• _Entries supplied_:
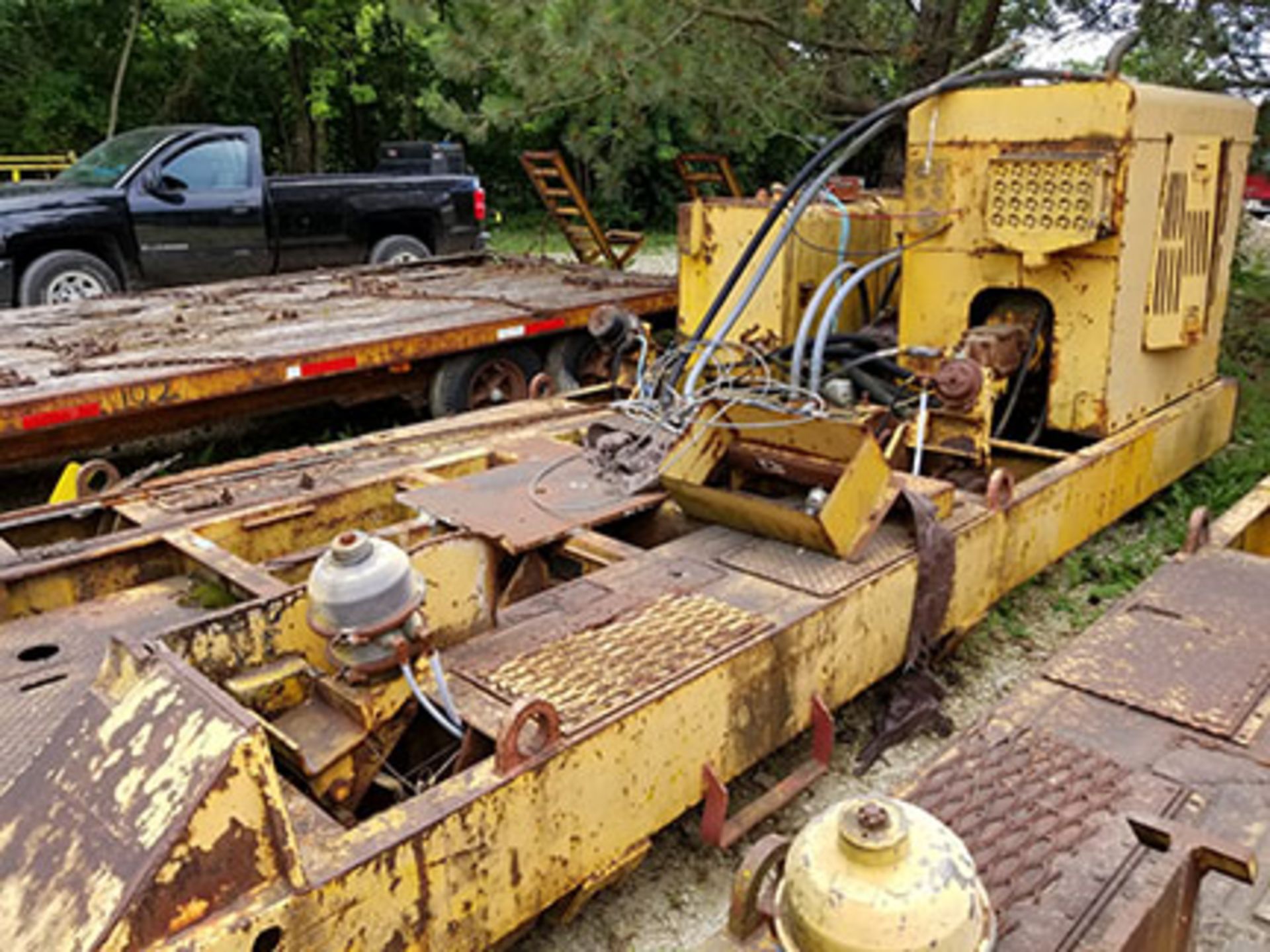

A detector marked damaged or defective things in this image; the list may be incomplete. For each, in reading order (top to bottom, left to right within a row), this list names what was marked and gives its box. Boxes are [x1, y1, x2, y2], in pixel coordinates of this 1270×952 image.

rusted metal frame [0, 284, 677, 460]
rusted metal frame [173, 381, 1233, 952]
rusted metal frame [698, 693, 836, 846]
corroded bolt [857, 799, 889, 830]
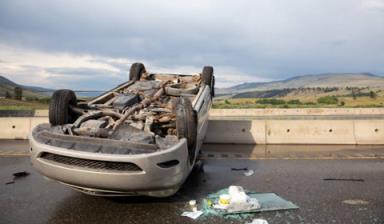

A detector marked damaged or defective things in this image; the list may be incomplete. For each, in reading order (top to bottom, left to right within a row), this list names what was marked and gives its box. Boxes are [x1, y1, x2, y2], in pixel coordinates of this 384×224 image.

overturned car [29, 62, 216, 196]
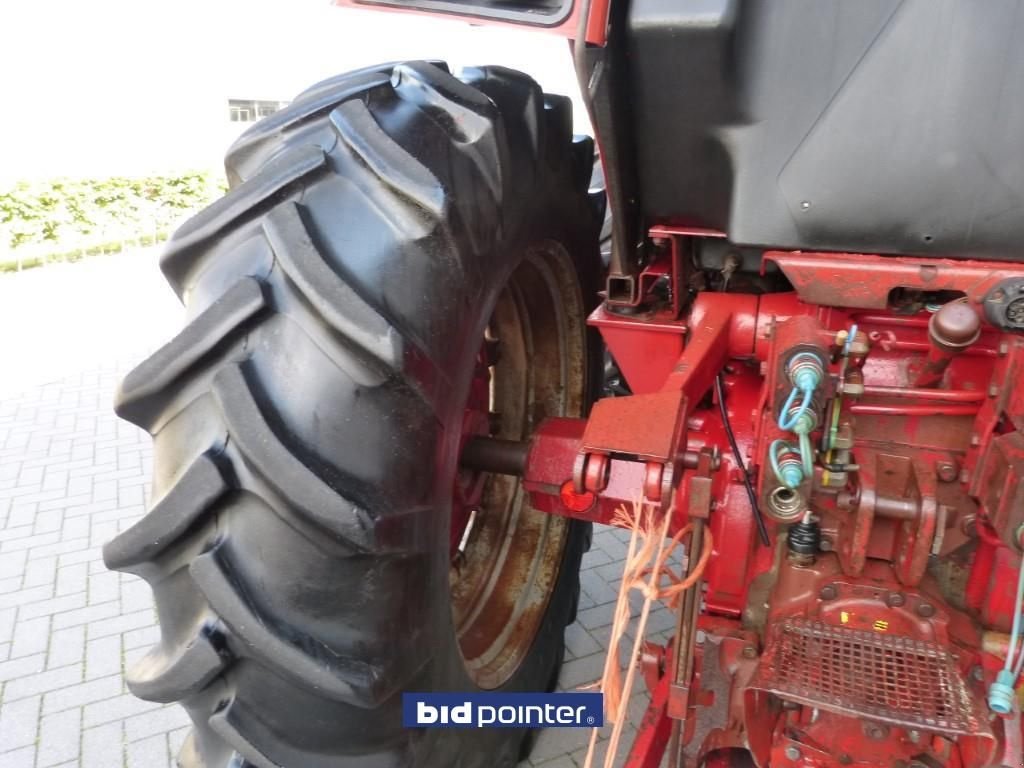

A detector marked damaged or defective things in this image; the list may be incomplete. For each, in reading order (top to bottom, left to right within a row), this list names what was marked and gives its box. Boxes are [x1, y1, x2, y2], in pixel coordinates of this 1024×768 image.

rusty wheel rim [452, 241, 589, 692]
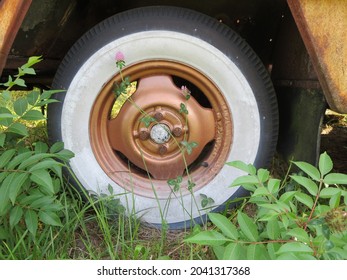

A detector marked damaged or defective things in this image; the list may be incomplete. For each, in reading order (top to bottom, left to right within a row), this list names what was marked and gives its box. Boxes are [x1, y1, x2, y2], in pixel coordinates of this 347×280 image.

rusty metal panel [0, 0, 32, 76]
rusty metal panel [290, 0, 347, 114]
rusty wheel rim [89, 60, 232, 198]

• _Your goal_: Can the lines from the one with "this 1024×768 image." to the end of the records above be quoted exactly, both ends included, with every picture omitted?

• _The completed task_:
A detector marked damaged or defective things in this image; the list may be incomplete. For each, in reading order (top to bottom, left to right within a row), this list names what was marked and gives its box. Boxes are [x1, y1, x2, y2], in pixel coordinates of this 1024×768 image.

rusty wheel rim [452, 241, 589, 692]

A detector marked damaged or defective things in this image; the list may be incomplete. For each, in reading order (top to bottom, left to right within a row), this list names what was marked and gives its box. Boxes are [x1, y1, x2, y2], in pixel coordinates of this 347×280 image.

rusty metal panel [0, 0, 32, 76]
rusty metal panel [290, 0, 347, 114]
rusty wheel rim [89, 60, 232, 198]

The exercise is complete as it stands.